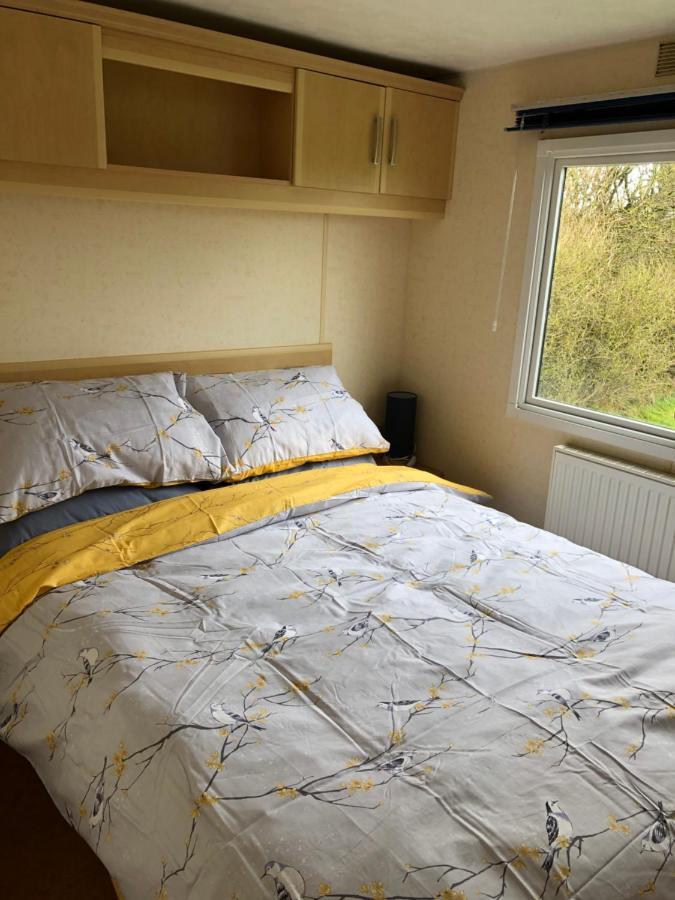 Captivating 2-Bed Static Caravan In Holyhead Llanfachraeth ภายนอก รูปภาพ
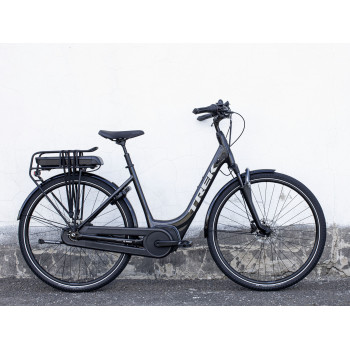 District+ 4 Lowstep DNISTER BLACK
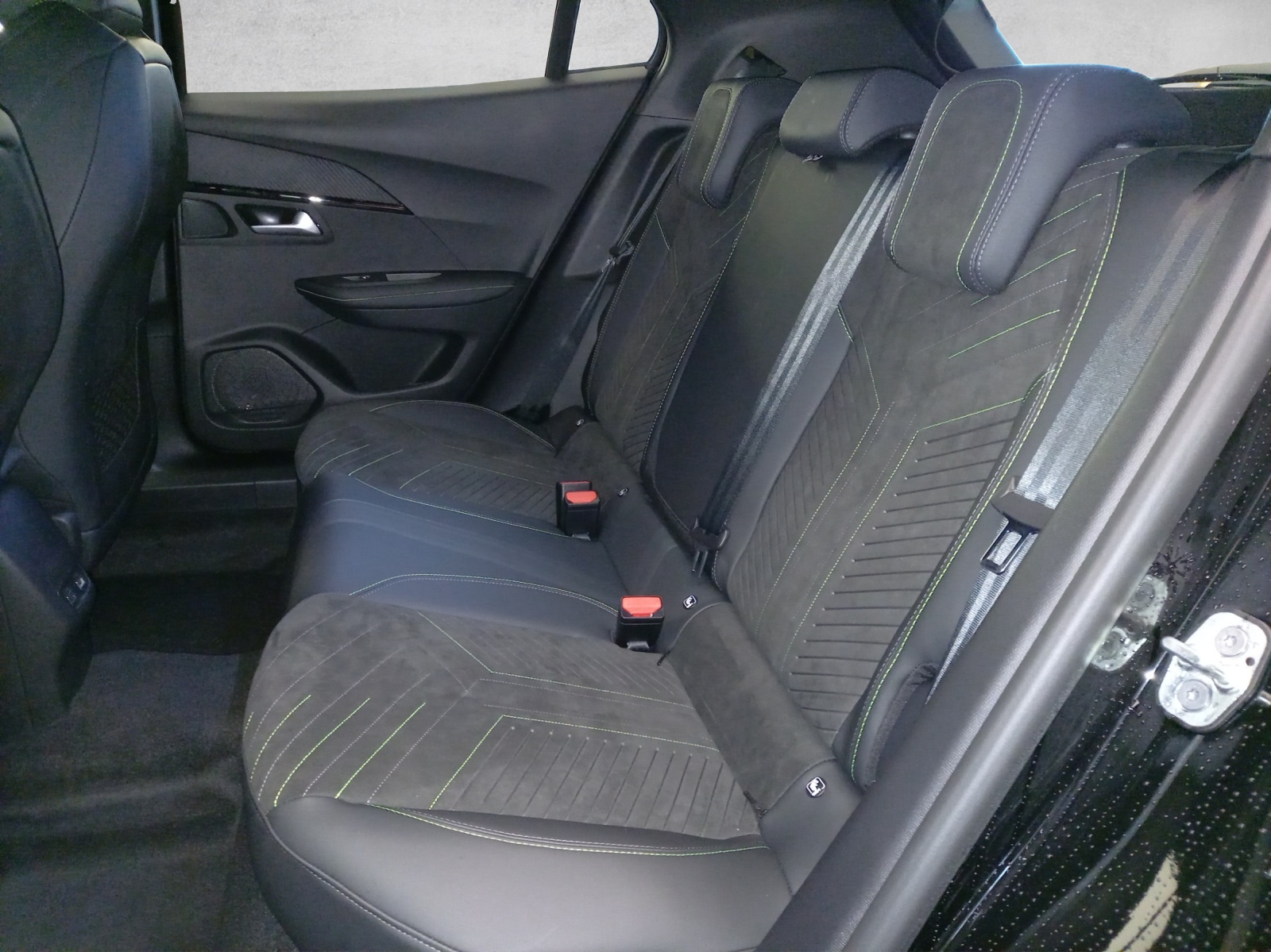 Peugeot 2008 1.2 Hybrid GT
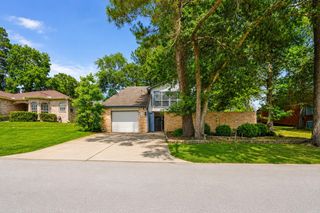 9 Lakeview Manor, Huntsville, TX 77340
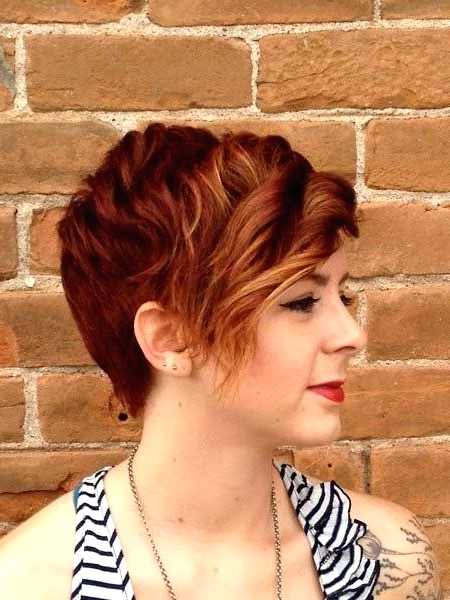 Simple Short Hairstyles for Curly Hair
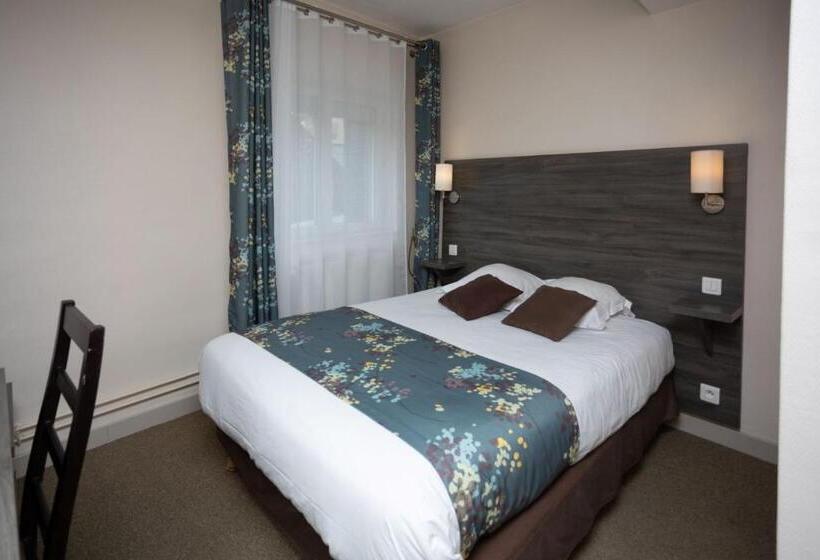 Номер Стандарт, Logis Hôtel Le Carnot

═══

**Your assignment:** Each line from the one with "District+ 4 Lowstep DNISTER BLACK" through the end of the entries should be reproduced exactly. Leave out the pictures.

**Answer below:**
 District+ 4 Lowstep DNISTER BLACK
 Peugeot 2008 1.2 Hybrid GT
 9 Lakeview Manor, Huntsville, TX 77340
 Simple Short Hairstyles for Curly Hair
 Номер Стандарт, Logis Hôtel Le Carnot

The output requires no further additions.